ABOUT THIS TASK. Output only the lines that run from the line holding "Trendy 2BD Gym" to the end of the entries, both ends included, and skip the pictures.

** PROVIDED DATA follows **

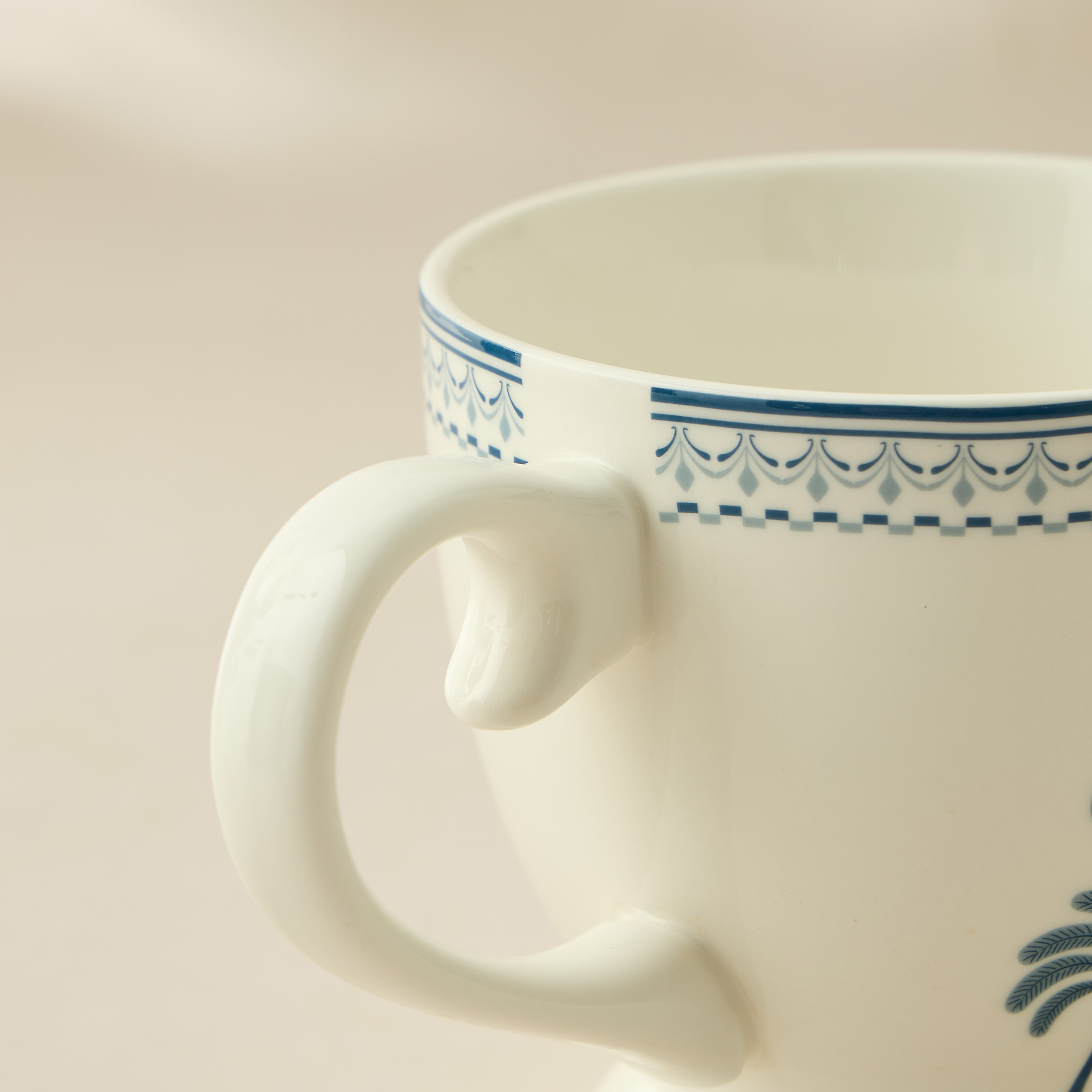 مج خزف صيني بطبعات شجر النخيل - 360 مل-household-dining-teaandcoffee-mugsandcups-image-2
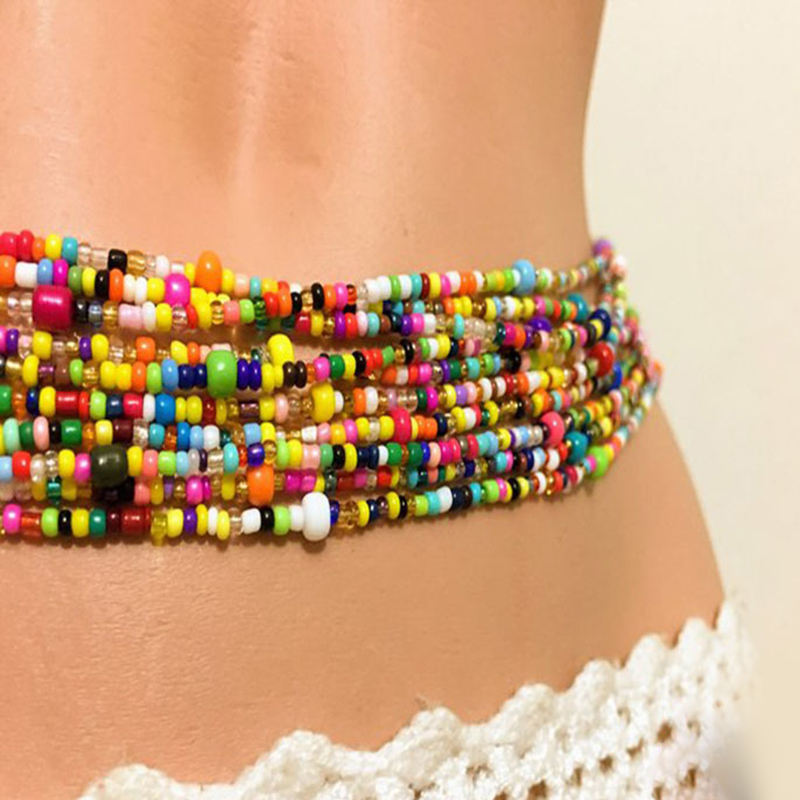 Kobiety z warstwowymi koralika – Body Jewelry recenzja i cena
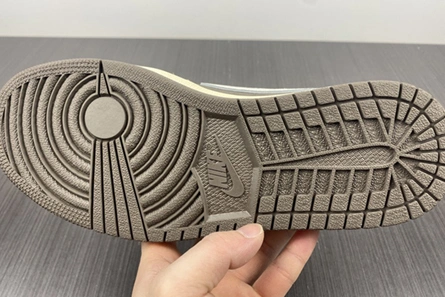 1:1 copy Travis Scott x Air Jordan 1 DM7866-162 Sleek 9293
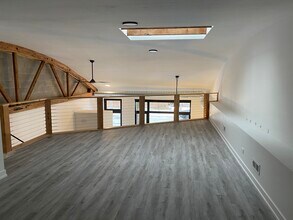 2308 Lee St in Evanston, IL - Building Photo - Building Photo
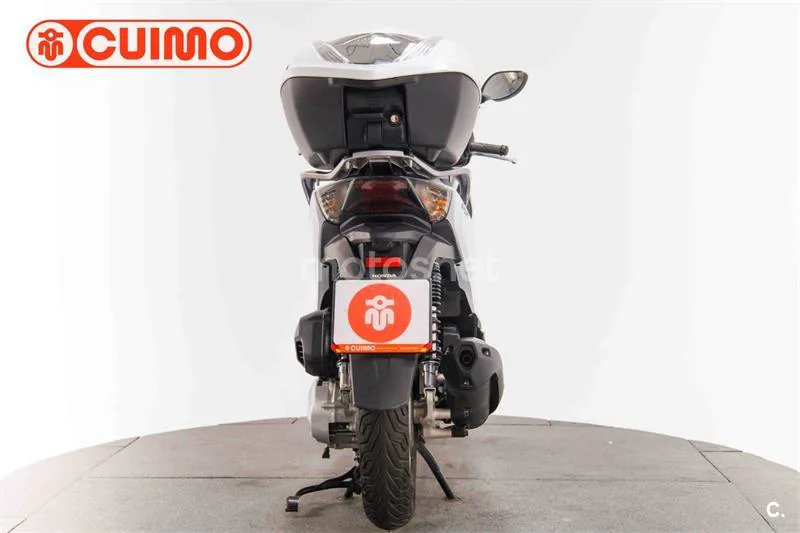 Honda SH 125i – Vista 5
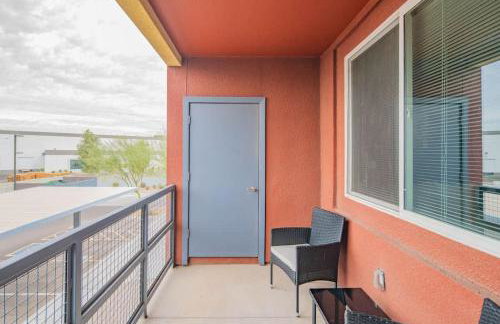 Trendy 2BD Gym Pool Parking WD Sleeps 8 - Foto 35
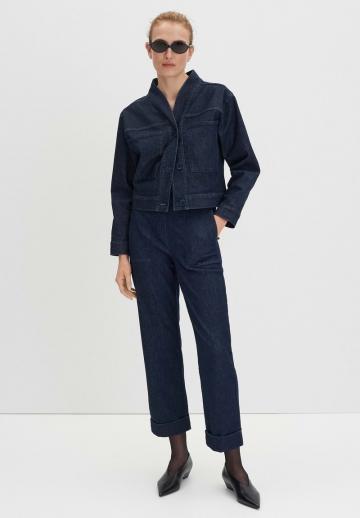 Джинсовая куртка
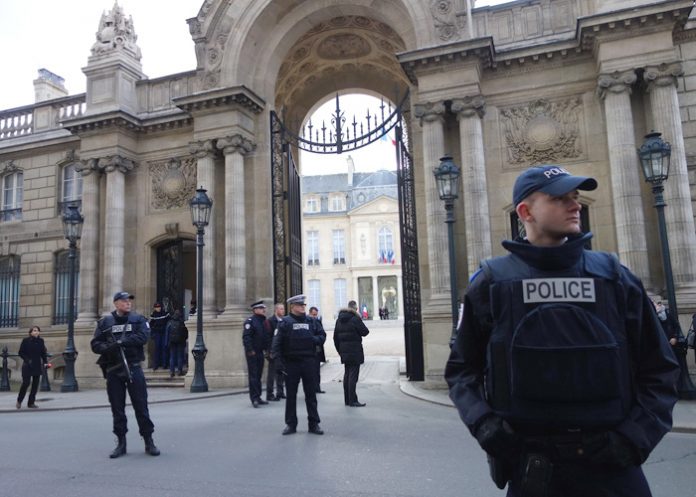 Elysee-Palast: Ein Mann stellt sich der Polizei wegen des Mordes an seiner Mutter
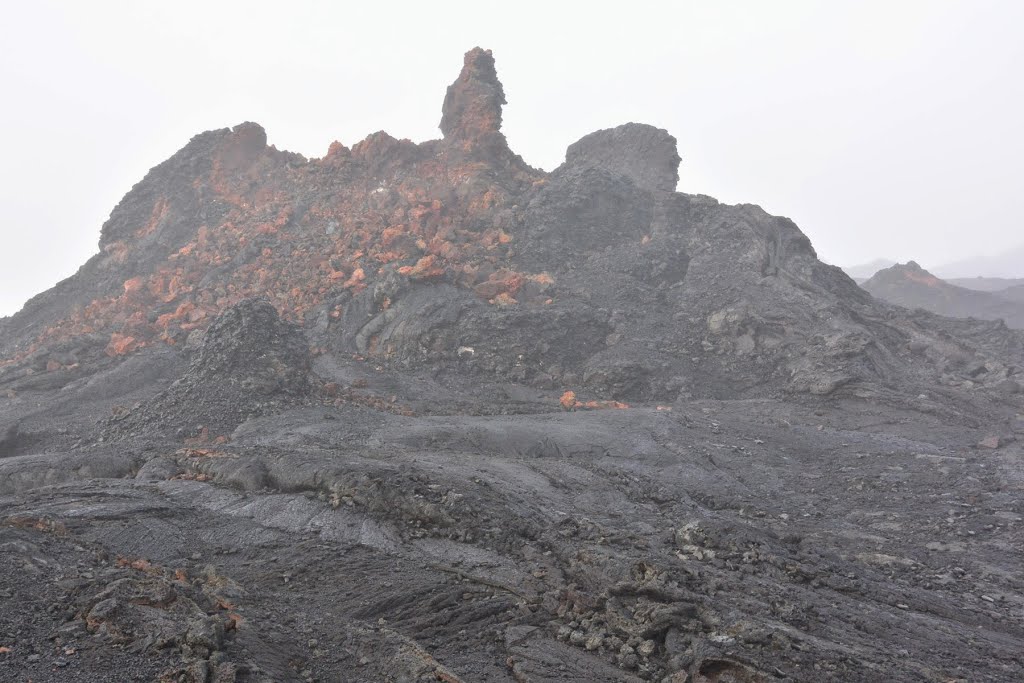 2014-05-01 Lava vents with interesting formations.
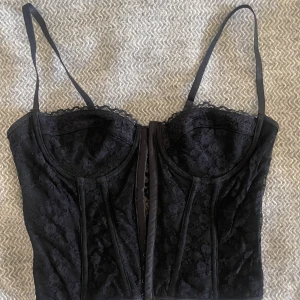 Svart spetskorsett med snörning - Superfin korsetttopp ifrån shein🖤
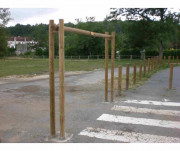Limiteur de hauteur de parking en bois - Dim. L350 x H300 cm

** End of PROVIDED DATA **

TASK OUTPUT.
 Trendy 2BD Gym Pool Parking WD Sleeps 8 - Foto 35
 Джинсовая куртка
 Elysee-Palast: Ein Mann stellt sich der Polizei wegen des Mordes an seiner Mutter
 2014-05-01 Lava vents with interesting formations.
 Svart spetskorsett med snörning - Superfin korsetttopp ifrån shein🖤
Limiteur de hauteur de parking en bois - Dim. L350 x H300 cm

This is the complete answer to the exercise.